<<<<
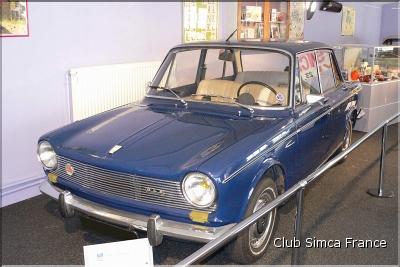 Simca 1300 GLS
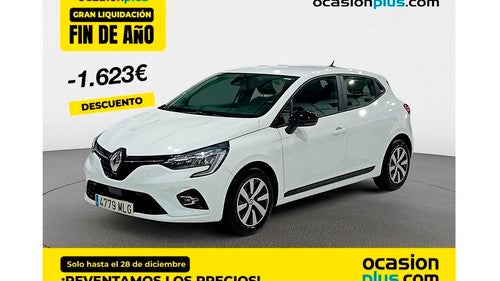 RENAULT Clio Blue dCi Equilibre 74kW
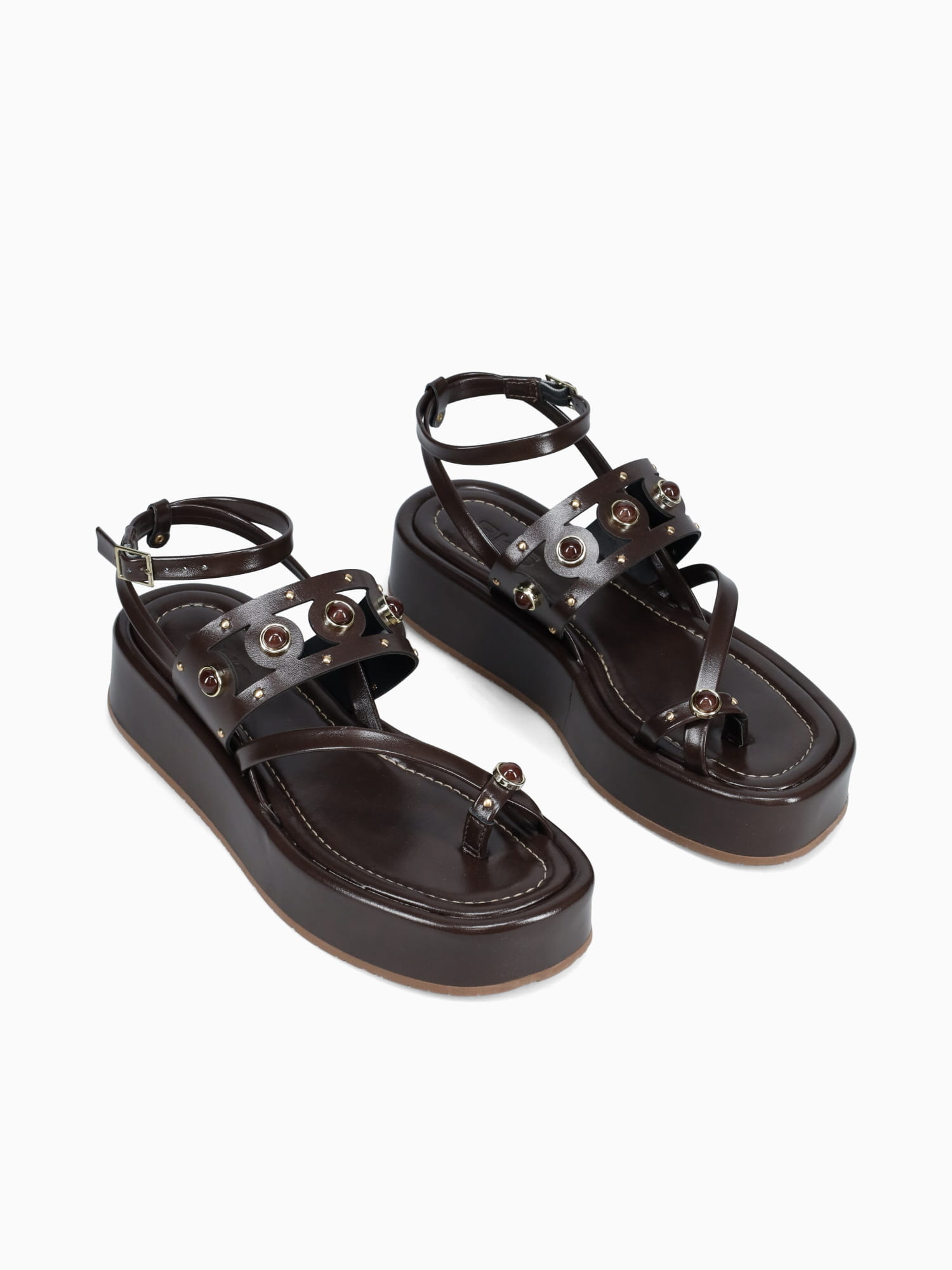 Jane Marrom Napa Intense Black / 5 / M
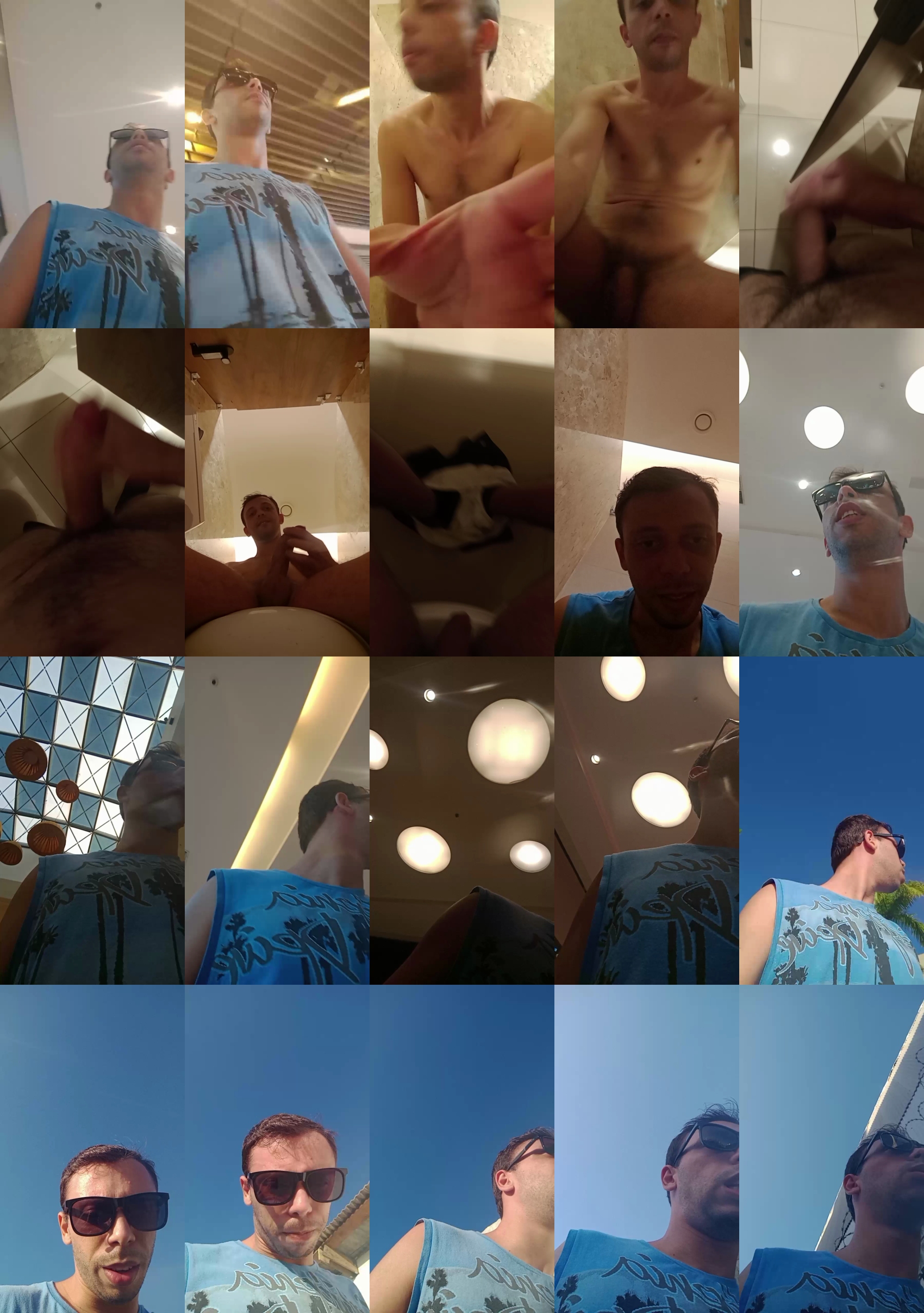 Robalinho22  19-08-2023 Recorded Video love
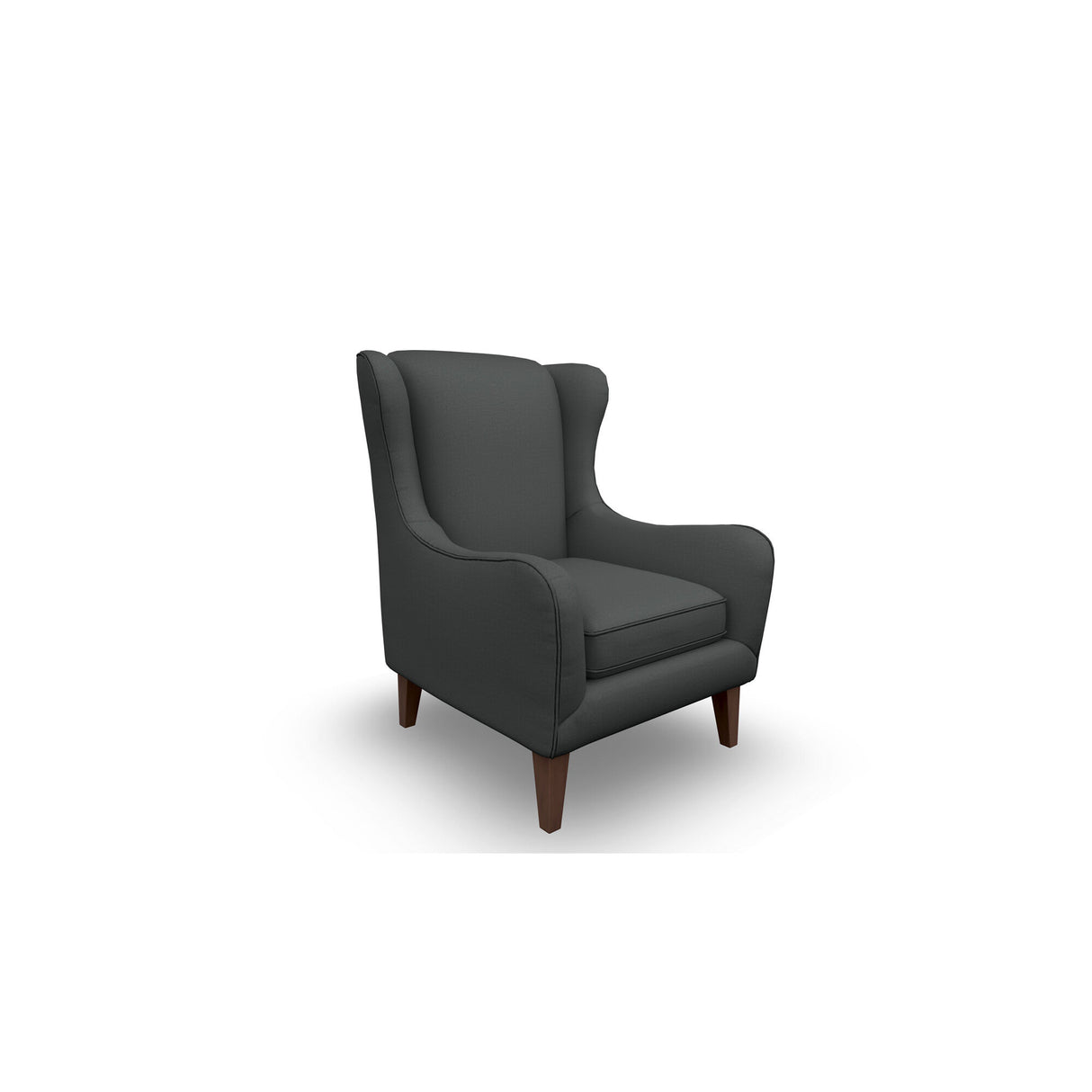 Lorette Wingback Accent Chair - QK1065418_BEST_AFR_OL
>>>>
WORK TASK —
Take the line containing "RENAULT Clio Blue dCi Equilibre 74kW" as the first and the last line of the records as the end. Print every line in that span exactly, leaving out pictures.

SOLUTION FOR THIS EXERCISE —
 RENAULT Clio Blue dCi Equilibre 74kW
 Jane Marrom Napa Intense Black / 5 / M
 Robalinho22  19-08-2023 Recorded Video love
 Lorette Wingback Accent Chair - QK1065418_BEST_AFR_OL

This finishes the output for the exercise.